Research & Papers

The Impact of AI-Generated Text on the Internet

A deep dive into the Internet Archive reveals how much AI has reshaped the web.

Deep Dive

Researchers Dolezal, Alam, Graham, and Bohacek analyzed a representative sample of websites from the Internet Archive spanning 2022–2025, applying a state-of-the-art AI text detector to measure how much of the internet is now machine-made. Their findings show a dramatic shift: by mid-2025, roughly 35% of newly published websites were classified as AI-generated or AI-assisted, up from essentially zero before ChatGPT’s launch in November 2022. The team also statistically tested several common fears—that AI text degrades semantic diversity, stylistic diversity, factual accuracy, or biases sentiment. They found that increased AI-generated text correlates with lower semantic diversity and a higher prevalence of positive sentiment, but found no significant evidence for a decline in factual accuracy or stylistic diversity.

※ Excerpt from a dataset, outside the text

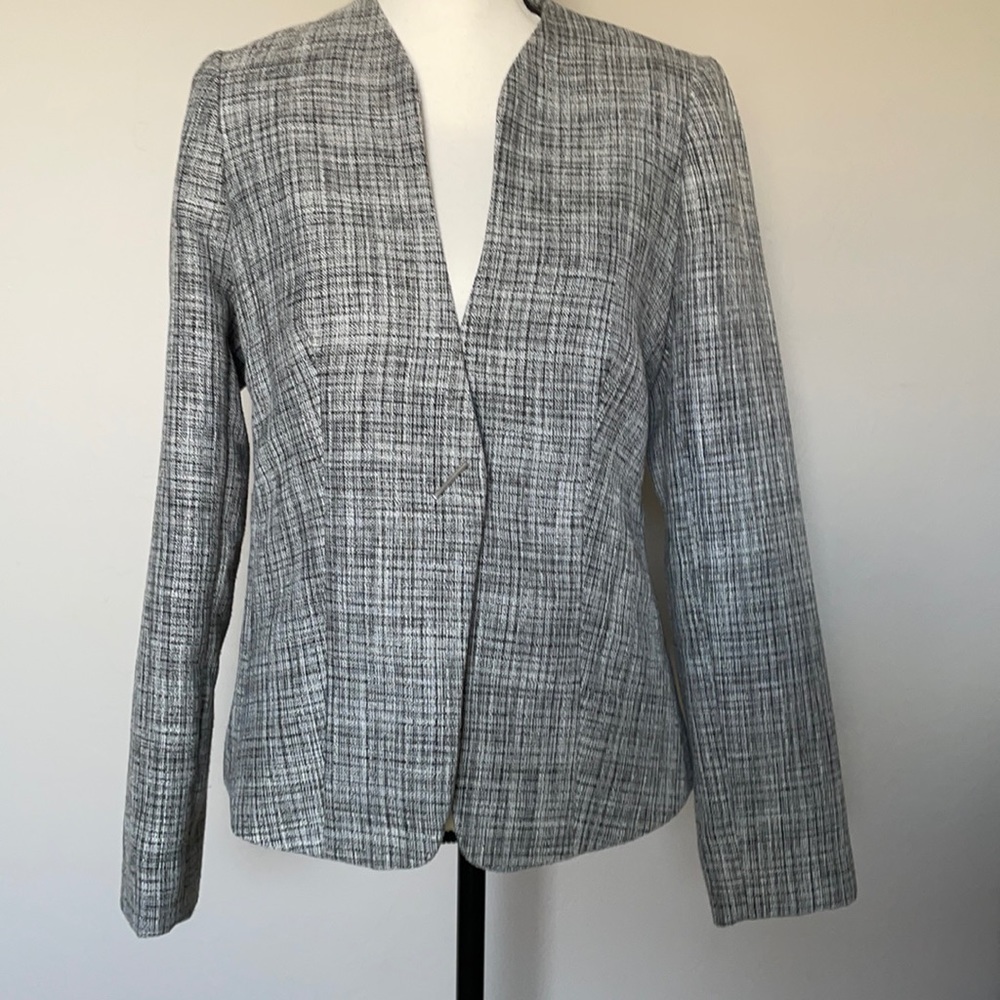 The Limited Gray Plaid Open Front Blazer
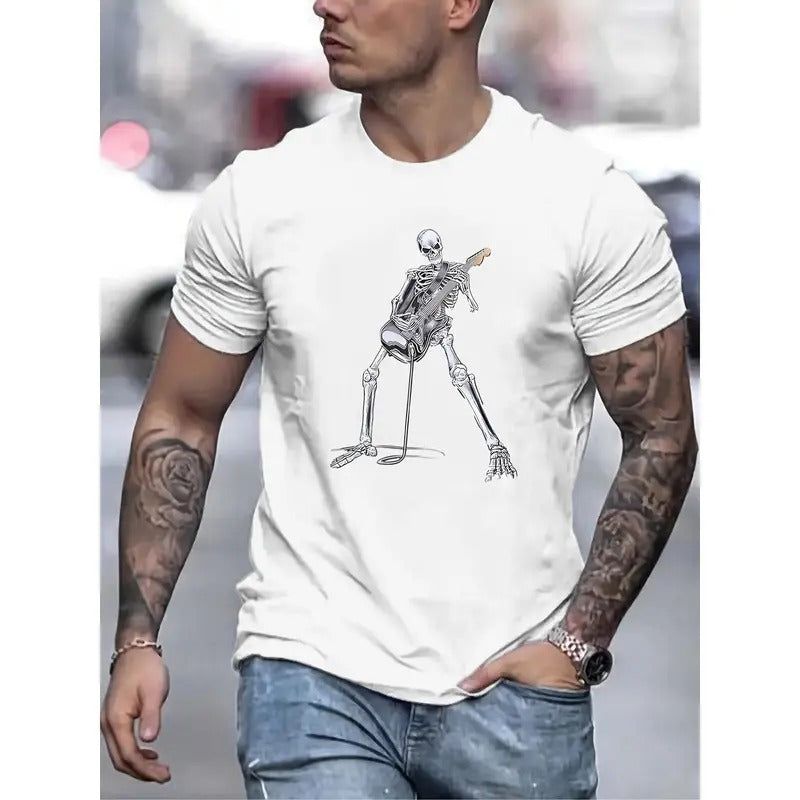 Cartoon Skeleton Playing Guitar Print Novel Casual Comfy Summer Tops Daily Activities Made USA T-Shirts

Interestingly, public perception diverges sharply from these results. In a separate user study of U.S. adults, the majority believed all four negative hypotheses were true. People who rarely or never use AI, or who hold negative views of the technology, were more likely to believe in these negative impacts than frequent AI users or those with favorable views. This study provides the first large-scale empirical benchmark for the 'Dead Internet Theory' and suggests that while AI is reshaping web content, some of the most dire predictions—like a collapse in factual accuracy—may not yet be materializing.

Key Points
  • By mid-2025 ~35% of new websites were AI-generated or AI-assisted, up from nearly 0% before ChatGPT's 2022 launch.
  • AI-generated text correlates with lower semantic diversity and more positive sentiment, but no significant drop in factual accuracy or stylistic diversity was detected.
  • Majority of U.S. adults in a user study believed all four negative hypotheses (e.g., less accuracy), but actual data contradicts some of those beliefs.

Why It Matters

Hard data replaces speculation: AI is flooding the web, but not all fears are justified—helping professionals calibrate their trust in online content.